Recorded information
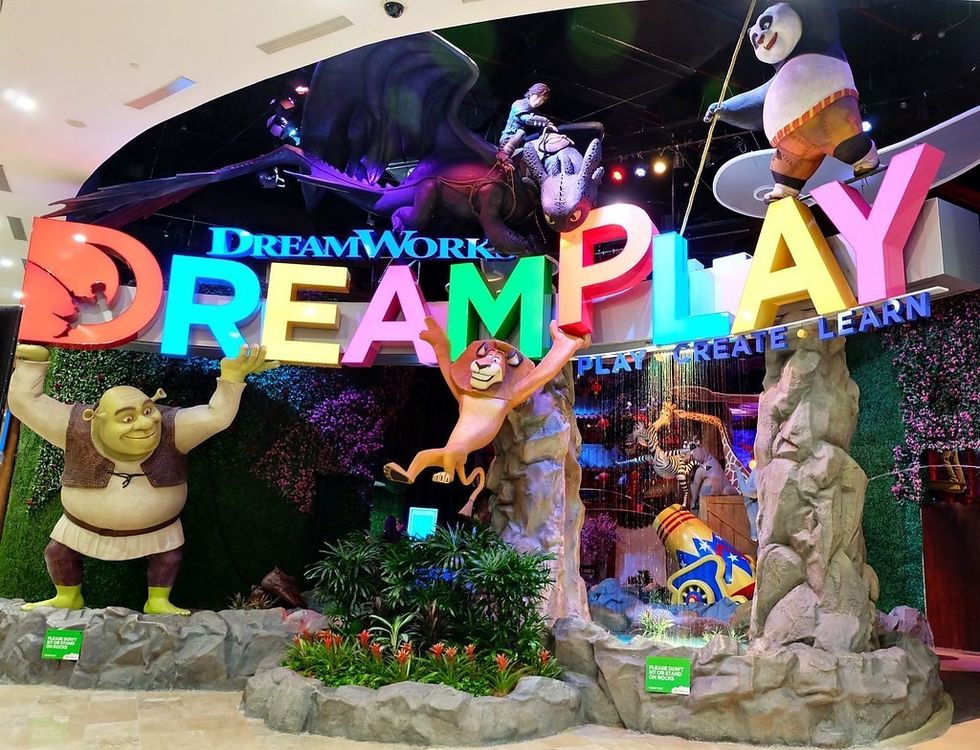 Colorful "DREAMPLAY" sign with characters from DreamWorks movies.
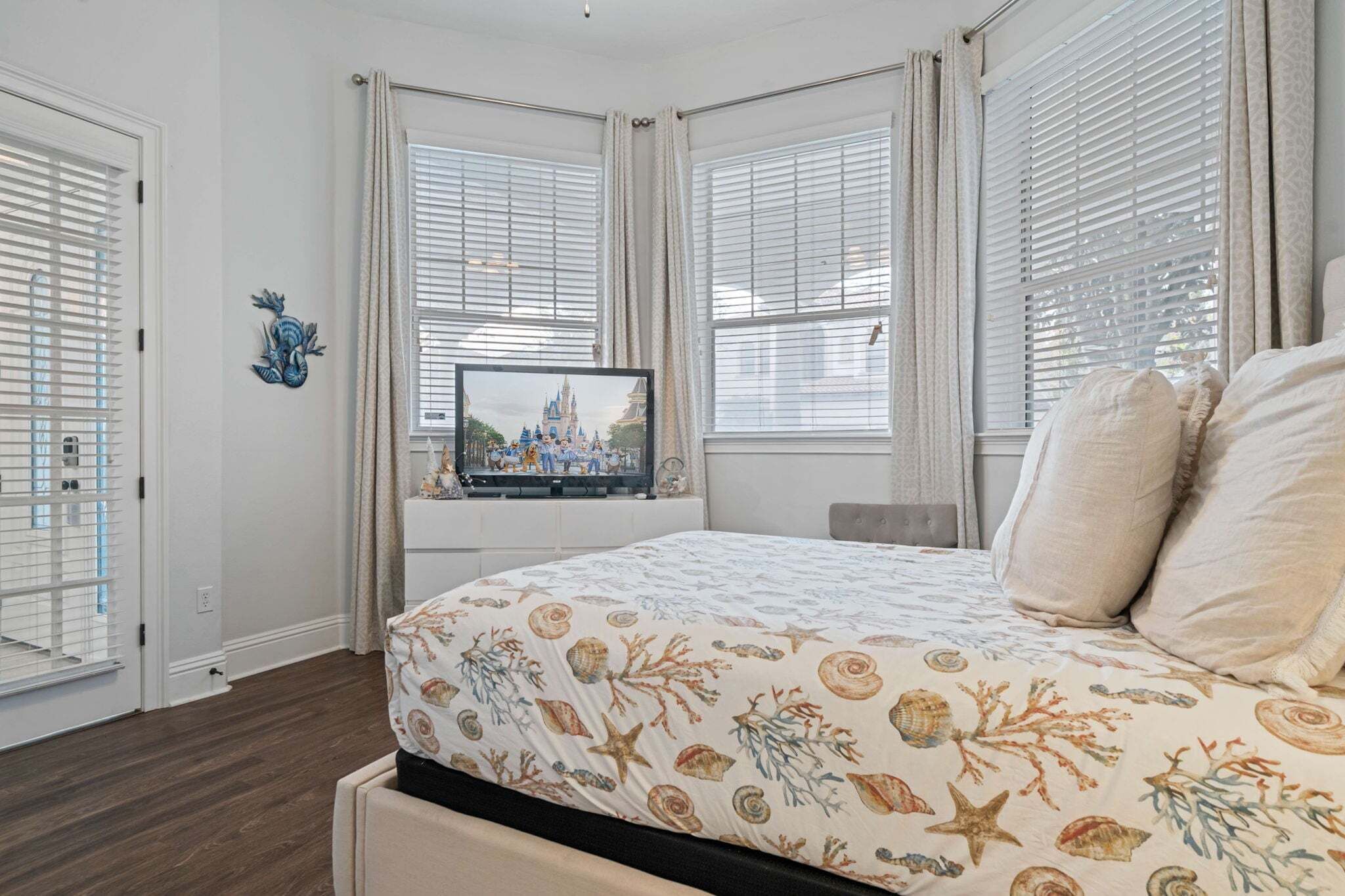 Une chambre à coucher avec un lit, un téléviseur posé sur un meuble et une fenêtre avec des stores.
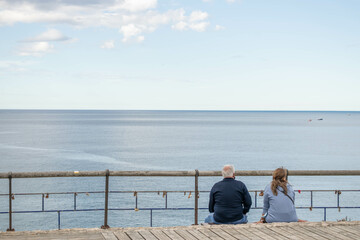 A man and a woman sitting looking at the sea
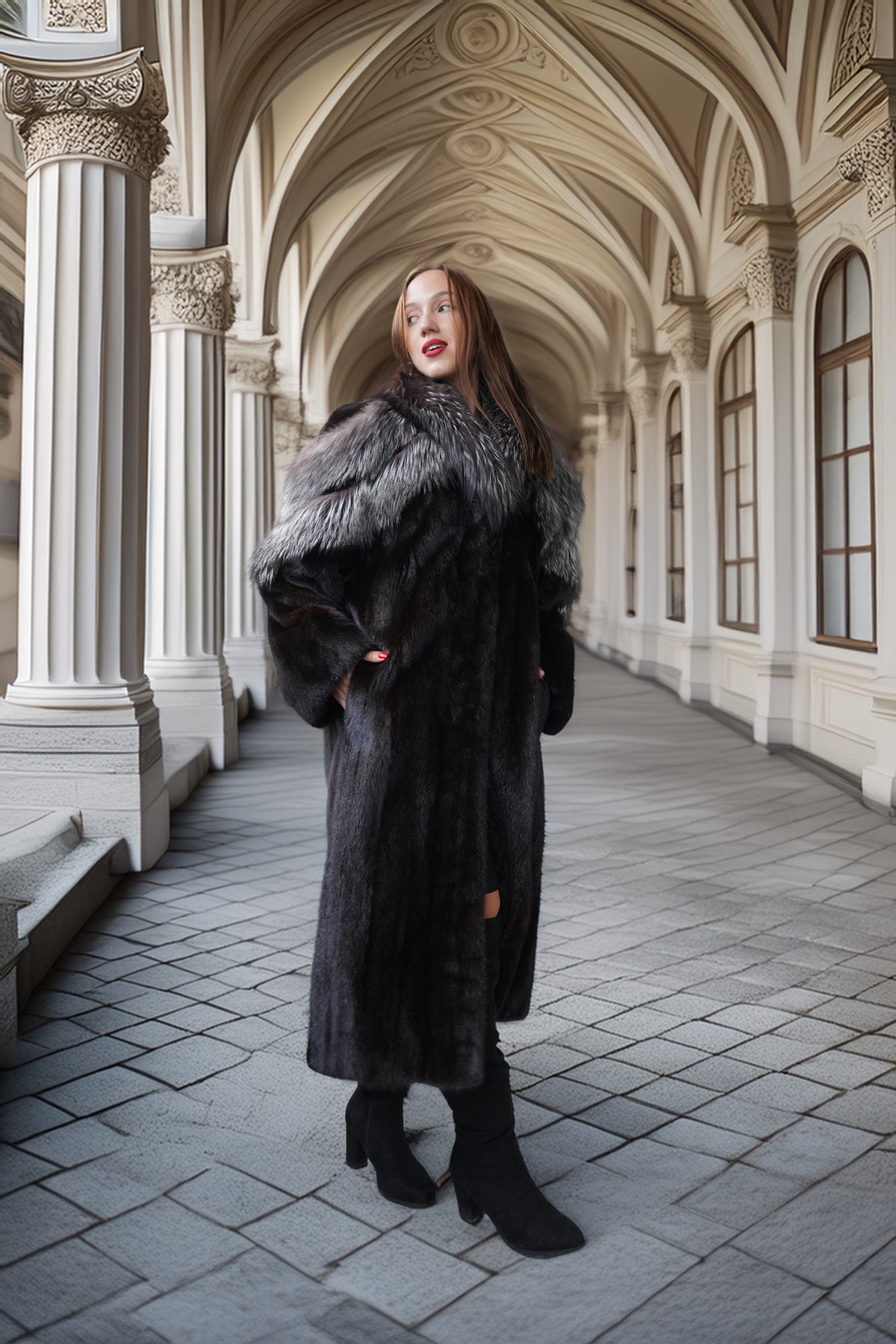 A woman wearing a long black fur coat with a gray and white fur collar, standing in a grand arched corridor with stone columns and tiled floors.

Task item
None of the pictures belong in the copy; repeat all other material exactly.

Answer to this problem
 Colorful "DREAMPLAY" sign with characters from DreamWorks movies.
 Une chambre à coucher avec un lit, un téléviseur posé sur un meuble et une fenêtre avec des stores.
 A man and a woman sitting looking at the sea
 A woman wearing a long black fur coat with a gray and white fur collar, standing in a grand arched corridor with stone columns and tiled floors.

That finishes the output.